Koyama Shinsuke, Chase Steven M, Whitford Andrew S, Velliste Meel, Schwartz Andrew B, Kass Robert E
Department of Statistics, Center for the Neural Basis of Cognition, Carnegie Mellon University, Pittsburgh, PA, USA.
Department of Neurobiology, Center for the Neural Basis of Cognition, University of Pittsburgh, Pittsburgh, PA, USA.
J Comput Neurosci. 2010 Aug;29(1-2):73-87. doi: 10.1007/s10827-009-0196-9. Epub 2009 Nov 11.
Neuroprosthetic devices such as a computer cursor can be controlled by the activity of cortical neurons when an appropriate algorithm is used to decode motor intention. Algorithms which have been proposed for this purpose range from the simple population vector algorithm (PVA) and optimal linear estimator (OLE) to various versions of Bayesian decoders. Although Bayesian decoders typically provide the most accurate off-line reconstructions, it is not known which model assumptions in these algorithms are critical for improving decoding performance. Furthermore, it is not necessarily true that improvements (or deficits) in off-line reconstruction will translate into improvements (or deficits) in on-line control, as the subject might compensate for the specifics of the decoder in use at the time. Here we show that by comparing the performance of nine decoders, assumptions about uniformly distributed preferred directions and the way the cursor trajectories are smoothed have the most impact on decoder performance in off-line reconstruction, while assumptions about tuning curve linearity and spike count variance play relatively minor roles. In on-line control, subjects compensate for directional biases caused by non-uniformly distributed preferred directions, leaving cursor smoothing differences as the largest single algorithmic difference driving decoder performance.

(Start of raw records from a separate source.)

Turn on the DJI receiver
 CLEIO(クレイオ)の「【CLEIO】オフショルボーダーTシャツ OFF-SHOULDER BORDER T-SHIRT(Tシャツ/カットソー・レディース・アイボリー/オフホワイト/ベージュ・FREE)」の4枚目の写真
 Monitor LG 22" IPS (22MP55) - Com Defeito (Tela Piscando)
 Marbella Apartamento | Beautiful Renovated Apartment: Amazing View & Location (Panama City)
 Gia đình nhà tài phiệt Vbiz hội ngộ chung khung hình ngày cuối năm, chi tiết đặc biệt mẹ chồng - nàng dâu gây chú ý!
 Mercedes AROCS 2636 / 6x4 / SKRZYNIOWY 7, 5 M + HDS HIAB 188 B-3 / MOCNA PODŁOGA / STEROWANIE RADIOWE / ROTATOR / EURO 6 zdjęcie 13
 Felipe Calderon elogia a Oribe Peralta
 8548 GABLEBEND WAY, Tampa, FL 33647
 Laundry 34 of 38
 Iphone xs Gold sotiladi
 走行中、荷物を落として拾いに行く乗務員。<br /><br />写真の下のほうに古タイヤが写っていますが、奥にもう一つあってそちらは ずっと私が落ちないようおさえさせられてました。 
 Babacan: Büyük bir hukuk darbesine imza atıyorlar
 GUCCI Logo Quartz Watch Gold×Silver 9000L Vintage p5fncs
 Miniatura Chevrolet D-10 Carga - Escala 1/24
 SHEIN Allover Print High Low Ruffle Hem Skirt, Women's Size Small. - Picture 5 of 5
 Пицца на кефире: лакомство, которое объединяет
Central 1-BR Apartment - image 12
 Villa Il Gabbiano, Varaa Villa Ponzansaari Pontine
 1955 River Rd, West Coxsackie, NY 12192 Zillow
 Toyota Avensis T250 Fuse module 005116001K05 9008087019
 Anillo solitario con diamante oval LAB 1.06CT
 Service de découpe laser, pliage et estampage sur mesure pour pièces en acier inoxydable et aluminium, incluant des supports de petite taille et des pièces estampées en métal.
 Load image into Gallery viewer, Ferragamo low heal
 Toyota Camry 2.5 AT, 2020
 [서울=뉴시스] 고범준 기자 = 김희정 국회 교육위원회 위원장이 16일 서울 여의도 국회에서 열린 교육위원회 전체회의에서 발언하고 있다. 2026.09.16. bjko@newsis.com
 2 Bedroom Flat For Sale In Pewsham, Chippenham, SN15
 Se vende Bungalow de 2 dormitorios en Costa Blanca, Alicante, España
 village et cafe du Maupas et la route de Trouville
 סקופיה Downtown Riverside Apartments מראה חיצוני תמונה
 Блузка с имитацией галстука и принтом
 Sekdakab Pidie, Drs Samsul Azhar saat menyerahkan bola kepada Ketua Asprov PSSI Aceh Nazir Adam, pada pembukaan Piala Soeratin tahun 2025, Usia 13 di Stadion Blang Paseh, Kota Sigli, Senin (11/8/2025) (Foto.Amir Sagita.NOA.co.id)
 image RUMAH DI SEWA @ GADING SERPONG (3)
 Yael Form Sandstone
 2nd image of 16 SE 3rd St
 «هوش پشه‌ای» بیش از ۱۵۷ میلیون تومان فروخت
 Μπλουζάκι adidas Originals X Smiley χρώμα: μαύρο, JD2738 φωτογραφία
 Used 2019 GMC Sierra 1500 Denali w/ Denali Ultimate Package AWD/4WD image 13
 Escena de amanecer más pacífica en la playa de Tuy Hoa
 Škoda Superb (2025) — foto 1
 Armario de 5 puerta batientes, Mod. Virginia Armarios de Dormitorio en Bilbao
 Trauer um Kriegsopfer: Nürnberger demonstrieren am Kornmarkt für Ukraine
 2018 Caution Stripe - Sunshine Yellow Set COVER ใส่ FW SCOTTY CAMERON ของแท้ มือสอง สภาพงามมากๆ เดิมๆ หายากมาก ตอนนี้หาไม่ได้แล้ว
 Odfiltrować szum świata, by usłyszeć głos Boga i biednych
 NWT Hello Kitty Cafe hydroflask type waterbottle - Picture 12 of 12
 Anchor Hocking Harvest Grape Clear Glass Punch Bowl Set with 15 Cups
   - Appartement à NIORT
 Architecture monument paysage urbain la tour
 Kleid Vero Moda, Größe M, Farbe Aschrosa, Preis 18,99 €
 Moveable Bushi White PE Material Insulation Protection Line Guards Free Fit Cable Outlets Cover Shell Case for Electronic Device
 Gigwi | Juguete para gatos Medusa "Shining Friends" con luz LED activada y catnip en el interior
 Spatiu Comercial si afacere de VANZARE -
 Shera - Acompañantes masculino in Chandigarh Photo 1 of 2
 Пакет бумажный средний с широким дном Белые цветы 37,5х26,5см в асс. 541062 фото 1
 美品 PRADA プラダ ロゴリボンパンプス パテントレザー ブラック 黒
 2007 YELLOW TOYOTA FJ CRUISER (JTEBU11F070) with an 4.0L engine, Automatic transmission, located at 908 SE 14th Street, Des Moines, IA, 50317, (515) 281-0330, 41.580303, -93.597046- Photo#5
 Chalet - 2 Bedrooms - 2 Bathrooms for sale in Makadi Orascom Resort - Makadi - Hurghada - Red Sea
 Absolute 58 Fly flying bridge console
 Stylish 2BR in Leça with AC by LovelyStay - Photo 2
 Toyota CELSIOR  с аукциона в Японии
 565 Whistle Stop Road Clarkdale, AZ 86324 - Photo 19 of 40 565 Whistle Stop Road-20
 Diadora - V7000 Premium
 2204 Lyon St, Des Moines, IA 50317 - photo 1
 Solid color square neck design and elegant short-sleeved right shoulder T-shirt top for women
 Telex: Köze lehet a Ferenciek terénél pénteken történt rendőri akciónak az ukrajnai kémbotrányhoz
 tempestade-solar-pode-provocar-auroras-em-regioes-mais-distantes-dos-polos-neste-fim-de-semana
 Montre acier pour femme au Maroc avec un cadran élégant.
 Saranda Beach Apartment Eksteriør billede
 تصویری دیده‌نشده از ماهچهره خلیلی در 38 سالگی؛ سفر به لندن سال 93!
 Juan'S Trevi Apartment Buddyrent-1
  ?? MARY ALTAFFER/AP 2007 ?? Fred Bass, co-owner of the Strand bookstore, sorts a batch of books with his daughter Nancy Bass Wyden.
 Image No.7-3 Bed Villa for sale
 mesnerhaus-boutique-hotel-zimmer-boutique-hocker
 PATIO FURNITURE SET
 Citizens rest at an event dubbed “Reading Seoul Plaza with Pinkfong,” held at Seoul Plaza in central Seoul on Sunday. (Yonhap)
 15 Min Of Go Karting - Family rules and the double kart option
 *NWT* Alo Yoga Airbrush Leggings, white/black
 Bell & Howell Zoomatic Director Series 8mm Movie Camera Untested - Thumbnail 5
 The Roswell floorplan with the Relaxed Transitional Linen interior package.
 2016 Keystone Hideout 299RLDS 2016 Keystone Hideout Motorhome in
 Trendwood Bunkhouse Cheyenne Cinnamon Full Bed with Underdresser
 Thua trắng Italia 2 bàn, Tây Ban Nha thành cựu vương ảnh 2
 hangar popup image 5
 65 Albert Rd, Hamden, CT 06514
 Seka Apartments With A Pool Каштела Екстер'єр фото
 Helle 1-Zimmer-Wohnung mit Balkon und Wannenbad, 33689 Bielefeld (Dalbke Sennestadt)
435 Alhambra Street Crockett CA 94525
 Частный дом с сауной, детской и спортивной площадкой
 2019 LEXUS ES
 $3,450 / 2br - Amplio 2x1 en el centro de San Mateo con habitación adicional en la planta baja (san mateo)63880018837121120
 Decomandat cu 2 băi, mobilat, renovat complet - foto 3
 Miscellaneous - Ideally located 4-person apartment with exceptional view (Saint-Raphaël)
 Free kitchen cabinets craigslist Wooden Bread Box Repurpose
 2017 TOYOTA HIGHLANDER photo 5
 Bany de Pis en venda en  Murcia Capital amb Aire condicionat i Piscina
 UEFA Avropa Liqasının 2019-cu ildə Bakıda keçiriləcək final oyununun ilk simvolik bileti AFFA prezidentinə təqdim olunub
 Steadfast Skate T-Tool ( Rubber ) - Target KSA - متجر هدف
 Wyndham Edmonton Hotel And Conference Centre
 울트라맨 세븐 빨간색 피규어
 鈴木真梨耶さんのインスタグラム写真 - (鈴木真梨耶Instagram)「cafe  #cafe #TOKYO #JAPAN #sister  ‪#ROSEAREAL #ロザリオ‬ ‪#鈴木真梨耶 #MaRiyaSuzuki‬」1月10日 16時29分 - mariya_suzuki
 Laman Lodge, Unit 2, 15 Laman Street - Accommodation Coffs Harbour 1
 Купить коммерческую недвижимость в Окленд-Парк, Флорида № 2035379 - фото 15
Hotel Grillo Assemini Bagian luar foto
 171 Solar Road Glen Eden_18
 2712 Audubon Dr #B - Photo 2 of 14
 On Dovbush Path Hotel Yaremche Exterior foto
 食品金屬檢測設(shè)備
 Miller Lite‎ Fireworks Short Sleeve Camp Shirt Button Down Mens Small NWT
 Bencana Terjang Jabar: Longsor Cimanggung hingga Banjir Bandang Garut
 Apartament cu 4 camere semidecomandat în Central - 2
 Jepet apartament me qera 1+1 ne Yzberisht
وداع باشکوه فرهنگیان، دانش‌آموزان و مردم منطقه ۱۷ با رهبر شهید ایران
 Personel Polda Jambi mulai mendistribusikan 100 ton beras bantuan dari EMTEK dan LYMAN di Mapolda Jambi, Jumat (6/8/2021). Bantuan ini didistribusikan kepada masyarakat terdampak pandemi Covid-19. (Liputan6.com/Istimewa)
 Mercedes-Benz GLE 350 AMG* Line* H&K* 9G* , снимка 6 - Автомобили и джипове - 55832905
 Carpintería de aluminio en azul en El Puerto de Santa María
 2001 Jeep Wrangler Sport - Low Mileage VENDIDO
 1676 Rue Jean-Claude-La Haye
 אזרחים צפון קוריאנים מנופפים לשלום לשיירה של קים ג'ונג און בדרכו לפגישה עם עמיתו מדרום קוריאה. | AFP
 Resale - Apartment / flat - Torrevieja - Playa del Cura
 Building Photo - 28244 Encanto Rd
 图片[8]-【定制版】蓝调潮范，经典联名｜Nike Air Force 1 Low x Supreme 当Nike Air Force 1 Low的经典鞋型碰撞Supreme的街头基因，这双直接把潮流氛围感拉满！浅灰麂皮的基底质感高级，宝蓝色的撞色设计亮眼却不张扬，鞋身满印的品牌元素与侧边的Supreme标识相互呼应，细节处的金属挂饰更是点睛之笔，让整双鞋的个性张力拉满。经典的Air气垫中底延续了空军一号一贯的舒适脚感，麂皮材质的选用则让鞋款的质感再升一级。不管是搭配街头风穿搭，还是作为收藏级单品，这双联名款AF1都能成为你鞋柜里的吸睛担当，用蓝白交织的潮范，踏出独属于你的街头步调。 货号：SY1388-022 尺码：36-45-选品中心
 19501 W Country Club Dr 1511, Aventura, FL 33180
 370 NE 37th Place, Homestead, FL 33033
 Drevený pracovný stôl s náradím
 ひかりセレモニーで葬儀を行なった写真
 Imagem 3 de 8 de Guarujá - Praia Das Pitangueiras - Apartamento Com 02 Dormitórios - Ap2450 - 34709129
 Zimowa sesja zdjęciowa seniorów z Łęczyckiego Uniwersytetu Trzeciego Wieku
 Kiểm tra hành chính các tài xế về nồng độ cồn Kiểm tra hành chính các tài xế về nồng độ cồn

当使用适当的算法来解码运动意图时,诸如计算机光标之类的神经假体装置可以由皮质神经元的活动来控制。为此目的提出的算法范围从简单的群体向量算法(PVA)和最优线性估计器(OLE)到各种版本的贝叶斯解码器。尽管贝叶斯解码器通常提供最准确的离线重建,但尚不清楚这些算法中的哪些模型假设对于提高解码性能至关重要。此外,离线重建的改进(或不足)不一定会转化为在线控制的改进(或不足),因为受试者可能会补偿当时所使用解码器的具体情况。在这里,我们表明,通过比较九个解码器的性能,关于均匀分布的偏好方向的假设以及光标轨迹平滑的方式对离线重建中的解码器性能影响最大,而关于调谐曲线线性和尖峰计数方差的假设作用相对较小。在在线控制中,受试者会补偿由非均匀分布的偏好方向引起的方向偏差,从而使光标平滑差异成为驱动解码器性能的最大单一算法差异。